Below you will find a set of lines. Repeat them all exactly.

| Caption-style text data |
★ ★ ★
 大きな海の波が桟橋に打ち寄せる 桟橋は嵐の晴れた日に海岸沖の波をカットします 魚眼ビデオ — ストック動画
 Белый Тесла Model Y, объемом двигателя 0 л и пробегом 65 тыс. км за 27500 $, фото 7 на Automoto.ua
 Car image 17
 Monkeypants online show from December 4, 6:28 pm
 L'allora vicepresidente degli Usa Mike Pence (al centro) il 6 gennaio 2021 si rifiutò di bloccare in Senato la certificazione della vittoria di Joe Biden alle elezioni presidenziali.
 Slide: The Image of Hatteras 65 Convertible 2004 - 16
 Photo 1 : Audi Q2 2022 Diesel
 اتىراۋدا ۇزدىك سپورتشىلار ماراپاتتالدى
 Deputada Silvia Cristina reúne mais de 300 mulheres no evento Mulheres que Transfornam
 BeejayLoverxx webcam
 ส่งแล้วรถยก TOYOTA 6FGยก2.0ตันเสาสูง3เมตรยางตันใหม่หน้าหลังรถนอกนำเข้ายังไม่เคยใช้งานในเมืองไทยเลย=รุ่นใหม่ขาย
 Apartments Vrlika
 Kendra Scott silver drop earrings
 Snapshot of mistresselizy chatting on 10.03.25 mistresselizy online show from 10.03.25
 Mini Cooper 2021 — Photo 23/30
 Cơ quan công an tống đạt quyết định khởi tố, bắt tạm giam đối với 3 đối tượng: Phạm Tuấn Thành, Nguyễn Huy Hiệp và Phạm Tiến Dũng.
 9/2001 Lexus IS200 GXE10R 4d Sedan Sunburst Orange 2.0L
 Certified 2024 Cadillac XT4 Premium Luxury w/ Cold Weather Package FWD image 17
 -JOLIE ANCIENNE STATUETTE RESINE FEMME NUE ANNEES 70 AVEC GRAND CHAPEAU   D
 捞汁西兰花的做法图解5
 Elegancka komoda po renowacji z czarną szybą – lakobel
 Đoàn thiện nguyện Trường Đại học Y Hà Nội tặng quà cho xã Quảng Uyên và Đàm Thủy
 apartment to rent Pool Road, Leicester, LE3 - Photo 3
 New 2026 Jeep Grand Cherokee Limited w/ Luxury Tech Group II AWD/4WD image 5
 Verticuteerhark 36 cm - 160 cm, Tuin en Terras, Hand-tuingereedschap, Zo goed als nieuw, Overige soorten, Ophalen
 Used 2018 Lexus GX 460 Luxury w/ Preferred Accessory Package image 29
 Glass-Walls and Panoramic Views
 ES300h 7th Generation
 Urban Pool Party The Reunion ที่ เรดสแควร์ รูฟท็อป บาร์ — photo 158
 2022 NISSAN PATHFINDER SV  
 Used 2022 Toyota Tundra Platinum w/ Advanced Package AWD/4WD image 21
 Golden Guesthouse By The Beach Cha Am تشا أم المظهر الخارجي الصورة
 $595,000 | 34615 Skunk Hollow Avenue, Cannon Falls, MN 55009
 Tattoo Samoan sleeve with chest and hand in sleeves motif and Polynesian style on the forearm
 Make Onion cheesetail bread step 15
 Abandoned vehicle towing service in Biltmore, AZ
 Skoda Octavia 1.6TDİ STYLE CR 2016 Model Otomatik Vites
★ ★ ★
| EXERCISE RESULT |
 大きな海の波が桟橋に打ち寄せる 桟橋は嵐の晴れた日に海岸沖の波をカットします 魚眼ビデオ — ストック動画
 Белый Тесла Model Y, объемом двигателя 0 л и пробегом 65 тыс. км за 27500 $, фото 7 на Automoto.ua
 Car image 17
 Monkeypants online show from December 4, 6:28 pm
 L'allora vicepresidente degli Usa Mike Pence (al centro) il 6 gennaio 2021 si rifiutò di bloccare in Senato la certificazione della vittoria di Joe Biden alle elezioni presidenziali.
 Slide: The Image of Hatteras 65 Convertible 2004 - 16
 Photo 1 : Audi Q2 2022 Diesel
 اتىراۋدا ۇزدىك سپورتشىلار ماراپاتتالدى
 Deputada Silvia Cristina reúne mais de 300 mulheres no evento Mulheres que Transfornam
 BeejayLoverxx webcam
 ส่งแล้วรถยก TOYOTA 6FGยก2.0ตันเสาสูง3เมตรยางตันใหม่หน้าหลังรถนอกนำเข้ายังไม่เคยใช้งานในเมืองไทยเลย=รุ่นใหม่ขาย
 Apartments Vrlika
 Kendra Scott silver drop earrings
 Snapshot of mistresselizy chatting on 10.03.25 mistresselizy online show from 10.03.25
 Mini Cooper 2021 — Photo 23/30
 Cơ quan công an tống đạt quyết định khởi tố, bắt tạm giam đối với 3 đối tượng: Phạm Tuấn Thành, Nguyễn Huy Hiệp và Phạm Tiến Dũng.
 9/2001 Lexus IS200 GXE10R 4d Sedan Sunburst Orange 2.0L
 Certified 2024 Cadillac XT4 Premium Luxury w/ Cold Weather Package FWD image 17
 -JOLIE ANCIENNE STATUETTE RESINE FEMME NUE ANNEES 70 AVEC GRAND CHAPEAU   D
 捞汁西兰花的做法图解5
 Elegancka komoda po renowacji z czarną szybą – lakobel
 Đoàn thiện nguyện Trường Đại học Y Hà Nội tặng quà cho xã Quảng Uyên và Đàm Thủy
 apartment to rent Pool Road, Leicester, LE3 - Photo 3
 New 2026 Jeep Grand Cherokee Limited w/ Luxury Tech Group II AWD/4WD image 5
 Verticuteerhark 36 cm - 160 cm, Tuin en Terras, Hand-tuingereedschap, Zo goed als nieuw, Overige soorten, Ophalen
 Used 2018 Lexus GX 460 Luxury w/ Preferred Accessory Package image 29
 Glass-Walls and Panoramic Views
 ES300h 7th Generation
 Urban Pool Party The Reunion ที่ เรดสแควร์ รูฟท็อป บาร์ — photo 158
 2022 NISSAN PATHFINDER SV  
 Used 2022 Toyota Tundra Platinum w/ Advanced Package AWD/4WD image 21
 Golden Guesthouse By The Beach Cha Am تشا أم المظهر الخارجي الصورة
 $595,000 | 34615 Skunk Hollow Avenue, Cannon Falls, MN 55009
 Tattoo Samoan sleeve with chest and hand in sleeves motif and Polynesian style on the forearm
 Make Onion cheesetail bread step 15
 Abandoned vehicle towing service in Biltmore, AZ
 Skoda Octavia 1.6TDİ STYLE CR 2016 Model Otomatik Vites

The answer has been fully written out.